Frage: "Du führst nun die WM an, aber nur knapp vor deinen Verfolgern. Mark Webber liegt auf Rang vier gerade einmal sieben Punkte zurück. Denkst du daher an weitere Siege oder eher an Podestplätze oder an das konstante Punkten? Wirst du deine Herangehensweise verändern, weil du jetzt an der Tabellenspitze stehst?"
Hamilton: "Ich werde meine Herangehensweise ganz sicher nicht verändern."

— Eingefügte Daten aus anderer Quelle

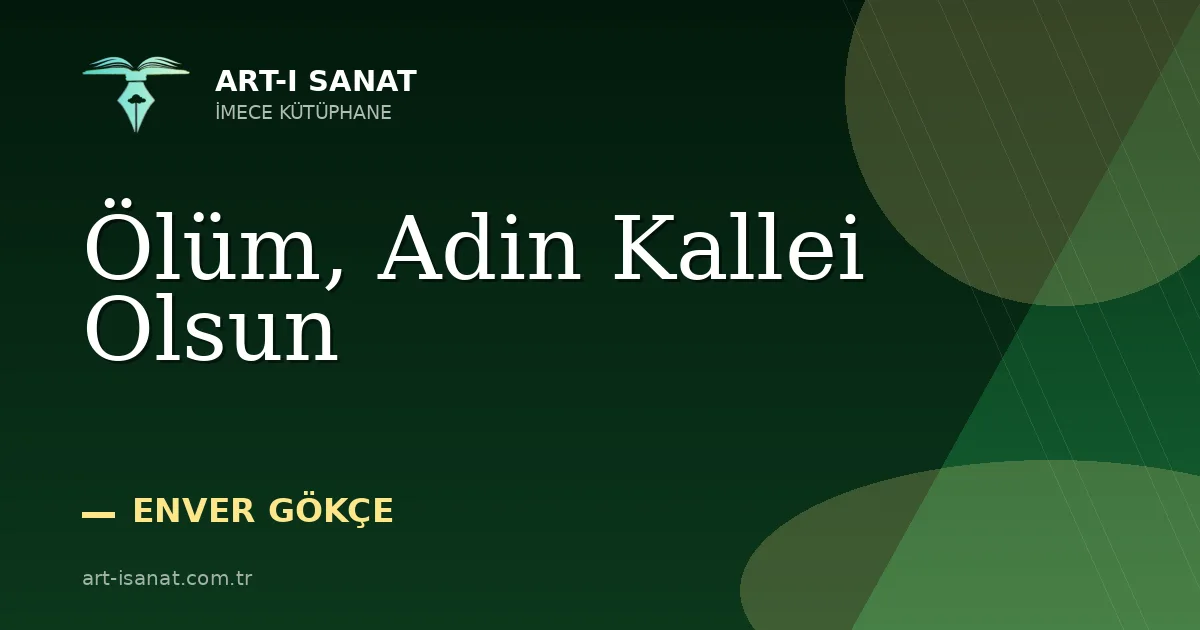 Ölüm, Adin Kallei Olsun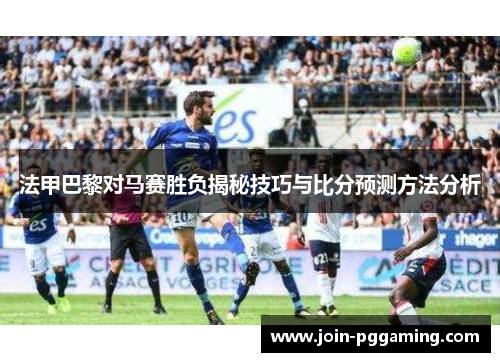法甲巴黎对马赛胜负揭秘技巧与比分预测方法分析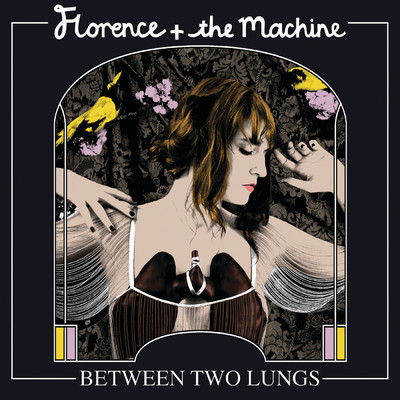 アルバム/Between Two Lungs/フローレンス・アンド・ザ・マシーン
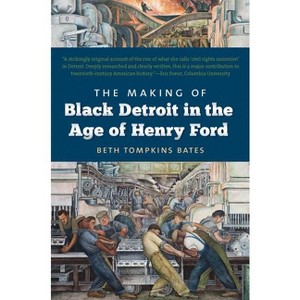 The Making of Black Detroit in the Age of Henry Ford - by  Beth Tompkins Bates (Paperback) - 1 of 1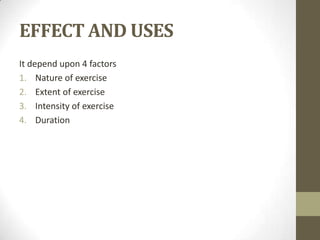 EFFECT AND USES
It depend upon 4 factors
1. Nature of exercise
2. Extent of exercise
3. Intensity of exercise
4. Duration
 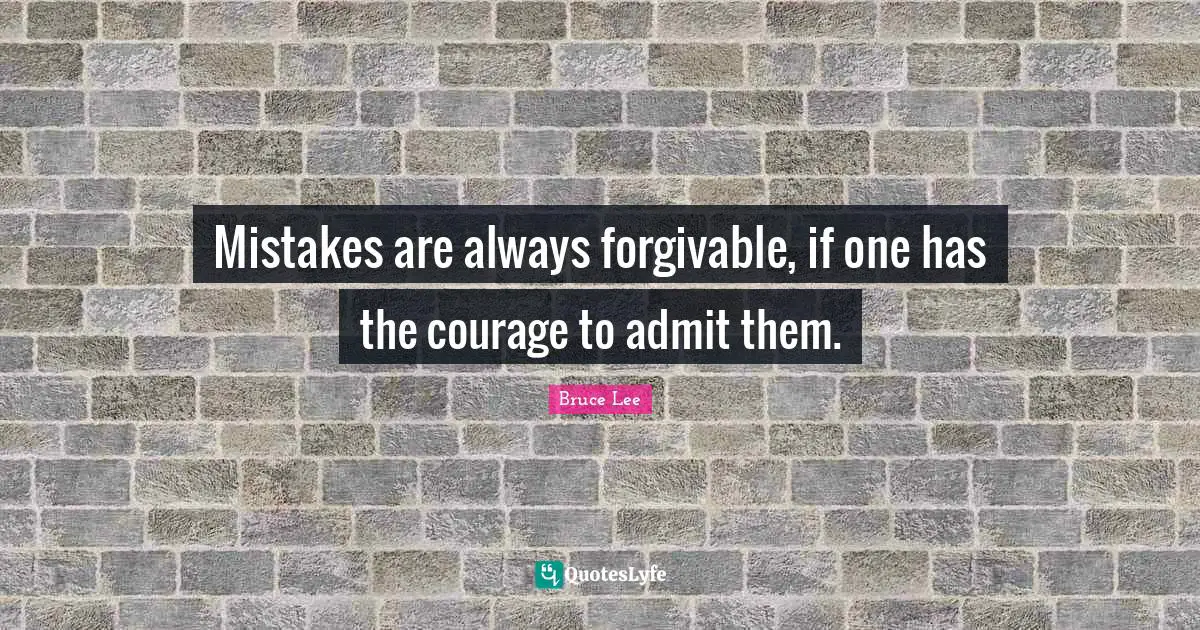 Bruce Lee Quotes: "Mistakes are always forgivable, if one has the courage to admit them."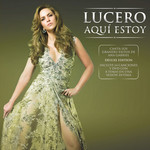 Aqui Estoy (Deluxe Edition) Lucero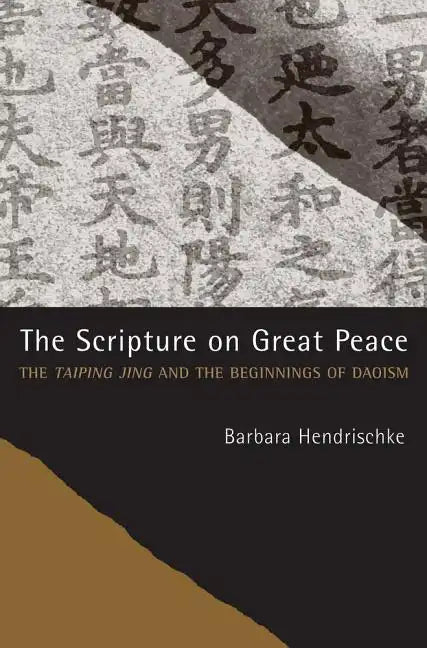 The Scripture on Great Peace: The Taiping Jing and the Beginnings of Daoism Volume 3 - Paperback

"Ich denke, bislang läuft es ziemlich gut. Ich musste in Kanada wahrscheinlich ein bisschen mehr ans Limit gehen, um diese beiden Jungs an der Spitze (Alonso und Vettel; Anm. d. Red.) noch abzufangen. Vielleicht war da mehr Risiko im Spiel als in der Vergangenheit."

"In diesem Jahr geht es nur um Konstanz. Ich denke zumindest, dass es nur um Konstanz geht. Es ist unglaublich, wie eng es zugeht. Wir haben einen Sieg und 25 Punkte geholt, doch mein Vorsprung beträgt gerade einmal zwei Zähler. Es ist wirklich unheimlich eng. Ich denke, so wird es auch bis zum Jahresende bleiben. Das zeigt nochmals, wie wichtig die Konstanz ist."

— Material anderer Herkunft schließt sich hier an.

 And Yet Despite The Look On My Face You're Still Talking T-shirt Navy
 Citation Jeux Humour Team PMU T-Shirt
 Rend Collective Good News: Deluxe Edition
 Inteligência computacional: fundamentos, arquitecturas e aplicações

"In diesem Jahr geht es nur um Konstanz." Lewis Hamilton

Frage: "Du bist erst der dritte Fahrer nach Michael Schumacher und Nelson Piquet, der dieses Rennen zum dritten Mal gewinnt. Liegt dir diese Strecke einfach besonders gut?"
Hamilton: "Es ist eigentlich wie eine Kartstrecke, oder nicht? Der Kurs macht sehr viel Spaß. Du bretterst über die Randsteine. Du hast sehr wenig Grip, eigentlich nur mechanischen Grip. Das ist wie im Kart."

"Dann wären da noch das Wetter, die Stadt und die Fans - alles ist unglaublich, absolut unglaublich. Im Kalender gibt es nur wenige Orte wie diesen. Ich sage immer: Monaco ist etwas Besonderes, was ganz einfach daran liegt, wie viele Besucher dort sind. Dieses Rennen hier ist vielleicht noch etwas spezieller für mich."

"Natürlich ist auch mein Heimrennen in Silverstone etwas Besonderes für mich. Hier in Kanada habe ich aber viele britische und grenadische Fahnen gesehen. Das war fantastisch. Viele Besucher trugen Mützen und Shirts. Die Unterstützung war an diesem Wochenende einfach phänomenal. Deshalb will ich diesen Sieg gern den vielen Fans widmen."

Frage: "Wird es in dieser Saison einmal einen Punkt geben, an dem so etwas wie Normalität einkehrt? Was wäre 2012 für euch und die Formel 1 normal?"
Hamilton: "Ich denke, dieses Durcheinander ist normal. Zumindest ist es normal für diese Saison. Das ist aber nur mein Gefühl. Ich kann da aber auch nur so raten wie ihr es tut."

"Meiner Meinung nach wird es in diesem Jahr aber so weitergehen. Wir versuchen nach wie vor, die Reifen völlig zu verstehen. Manchmal überhitzt man sie, manchmal bringt man sie nicht gut genug auf Temperatur. Wir verstehen nicht, weshalb ein Lotus oder ein Mercedes manchmal schneller ist als wir und weshalb wir manchmal schneller sind als sie."

"Das ist aber gerade das Tolle an der Formel 1. Für die Fans ist das klasse. Ich könnte mir denken, es waren wieder einige Überholmanöver zu sehen. Es wurde wieder kräftig durchgemischt. Sieben Sieger in sieben Rennen. Ich kann mich nicht an etwas Derartiges erinnern. Ich hoffe aber nicht, dass es noch mehr werden. Hoffentlich gibt es keinen achten Sieger. Hoffentlich können wir es bei sieben Siegern belassen."